RAINA'S GUIDE TO TELLING YOUR OWN STORY

Honest and encouraging, this will get young storytellers started—and perhaps leave them wishing for more.

A guide on how to distill the extraordinary from your own life and find a story to tell.

The unabashed Telgemeier (Smile, 2010, etc.) once more shares her personal experiences on storytelling in a how-to book on finding your own story. Explaining that for her, “the process of creating Smile was therapeutic,” Telgemeier coaxes readers to think about their own experiences by posing questions that will encourage closer looks into themselves, their environments, their families, their personal travel and school stories, their sources of inspiration, and even those supernatural elements that fascinate them.

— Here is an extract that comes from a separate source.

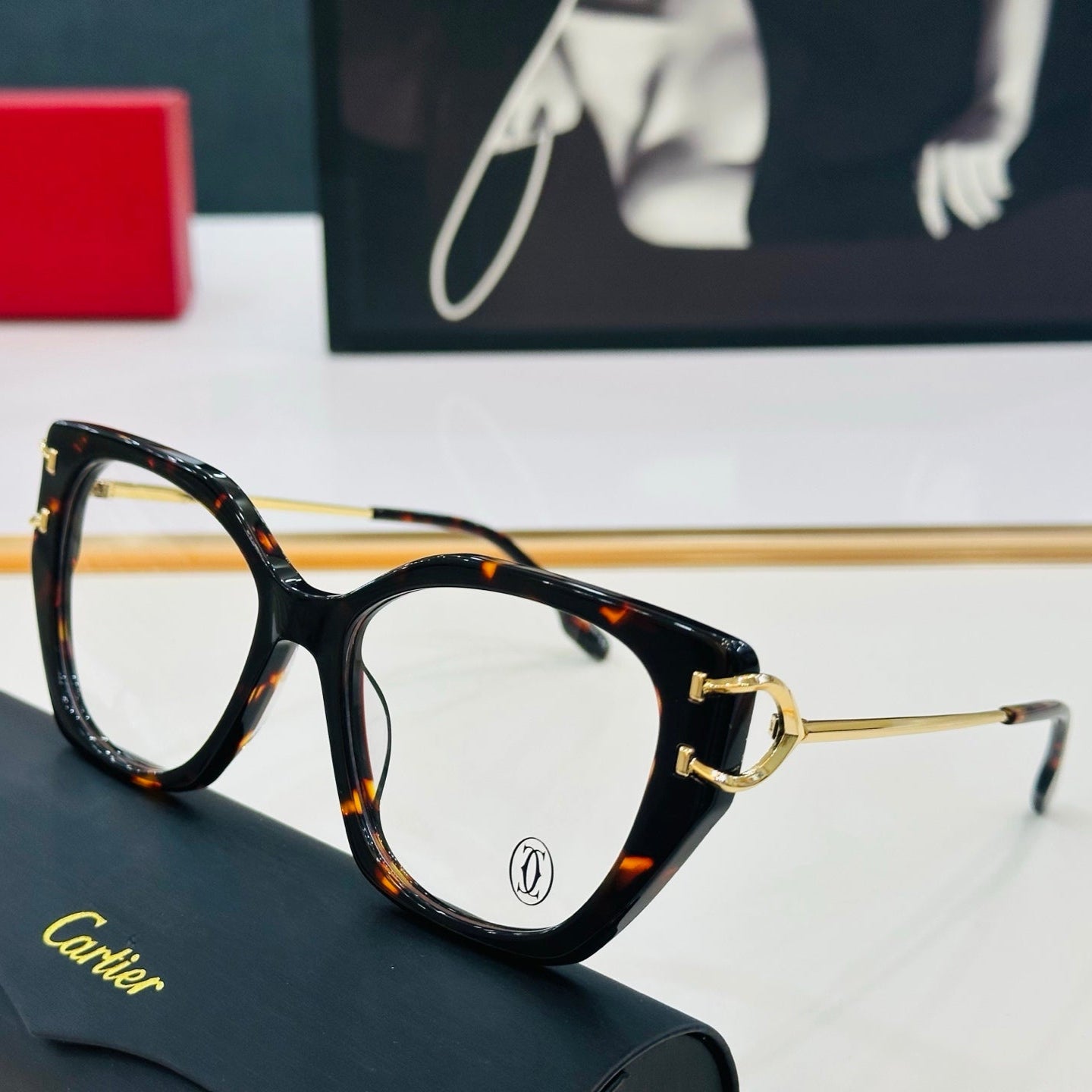 CARTIER BUTTERFLY FRAME SUNGLASSES 522660 IN ACETATE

Although the book focuses heavily on creating stories from personal experience, the skills developed are meant to naturally translate into other types of storytelling. By beginning in the known world, Telgemeier gives readers a solid foundation from which to launch their artistic exploration. The book focuses mostly on the brainstorming process, offering lists of questions with space for answers, but it also provides other spaces to write full stories and to storyboard ideas. Readers also get useful tips, such as starting with loose shapes when drawing faces, with step-by-step instructions on how to illustrate faces and facial expressions. It’s very much a place to start rather than a full-on manual, and it does not offer a bibliography for kids who want to pursue graphic storytelling further.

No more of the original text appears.